Integration of Multiple Enzymes Within Hydrogen-Bonded Organic Frameworks for Efficient Cascade Photocatalytic CO2-to-Methanol Conversion in Water.

The integration of photocatalysts and enzymes within confined environments offers a promising approach to developing artificial photosynthetic systems for sustainable CO₂ conversion. However, the efficient coupling of photocatalysts with multiple enzymes to enable photo-enzymatic cascade catalysis remains a significant challenge. Herein, we report the construction of hydrogen-bonded organic frameworks (HOFs) that integrate Ru-based photocatalysts with three-enzyme cascades of formate dehydrogenase (FDH), formaldehyde dehydrogenase (FaldDH), and alcohol dehydrogenase (ADH) via in situ co-assembly in water. The RuHOF exhibits exceptional nicotinamide adenine dinucleotide (NADH) photo-regeneration activity (4.5 mM h^-1), while the FDH@RuHOF hybrid converts CO₂ to formic acid with a turnover frequency (TOF) of 681 h^-1 (238 µM h^-1) over 24 h.
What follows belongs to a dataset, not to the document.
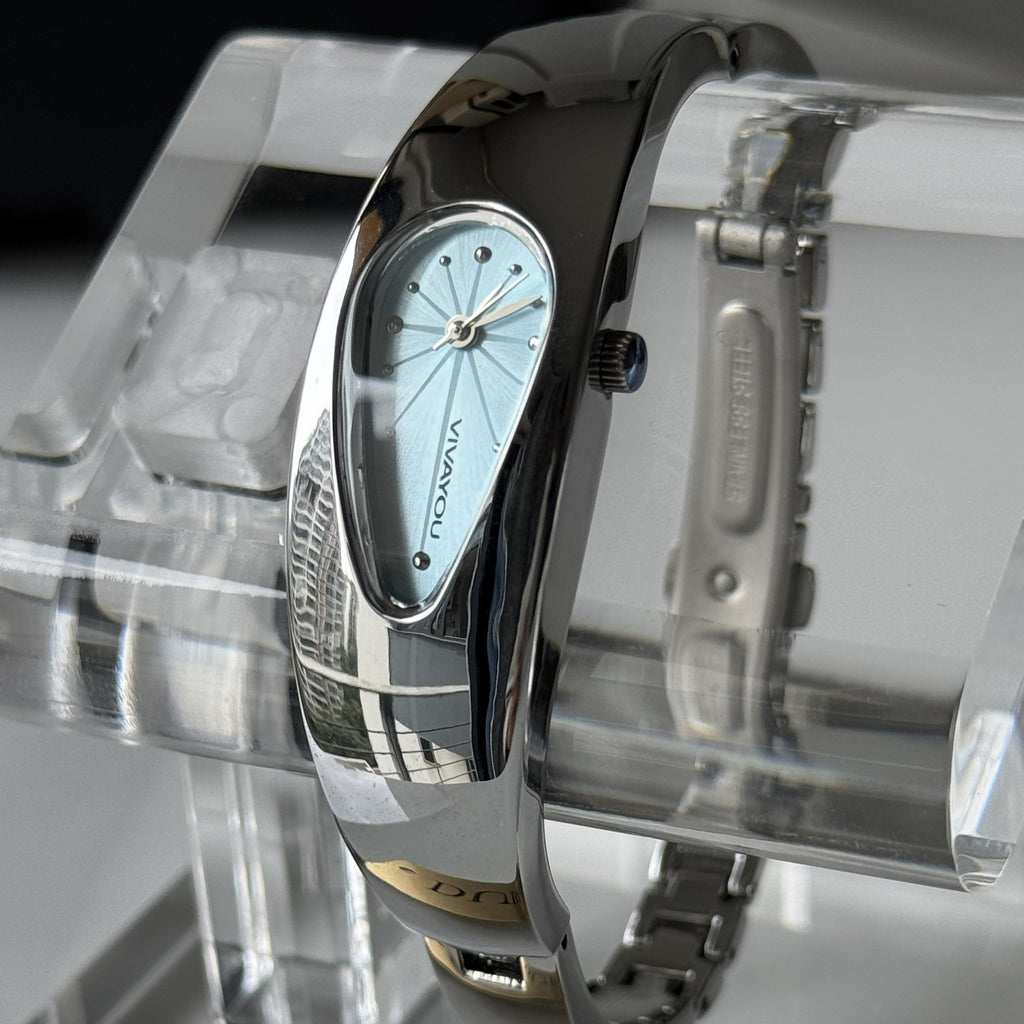 Vela Dripline Watch - Blue
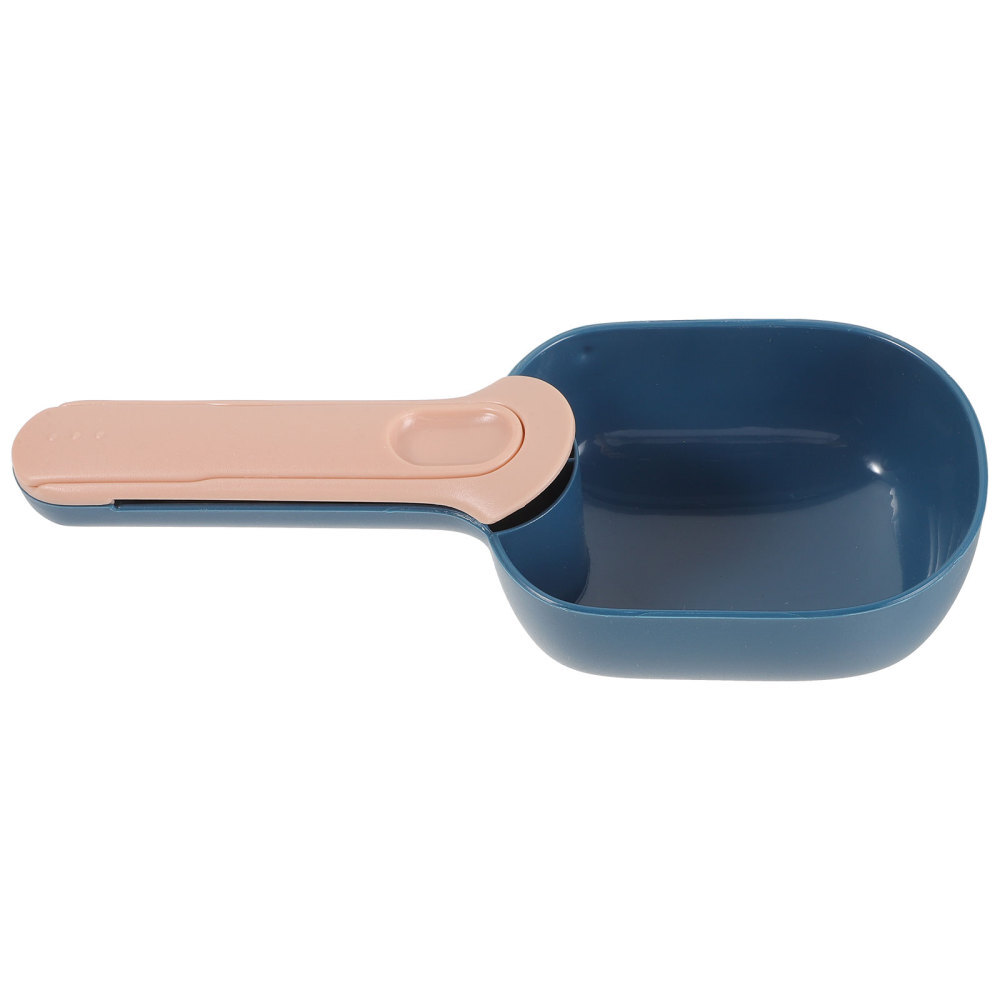 Pet Food Can Spoon Dog Cat Can Spoon Handle Dog Can Spoon Plastic Pet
By engineering FDH/FaldDH/ADH@RuHOF ternary systems, we achieve sustained CO₂-to-methanol conversion through photo-enzymatic cascade catalysis, delivering 2.2 mM methanol production with an apparent quantum efficiency (AQY) of 5.5% (92 µM h^-1) over 24 h with 85% activity retention after five catalytic cycles. This work opens a promising avenue for the development of efficient multi-enzyme cascade artificial photosynthetic systems toward steady and recyclable CO₂ valorization.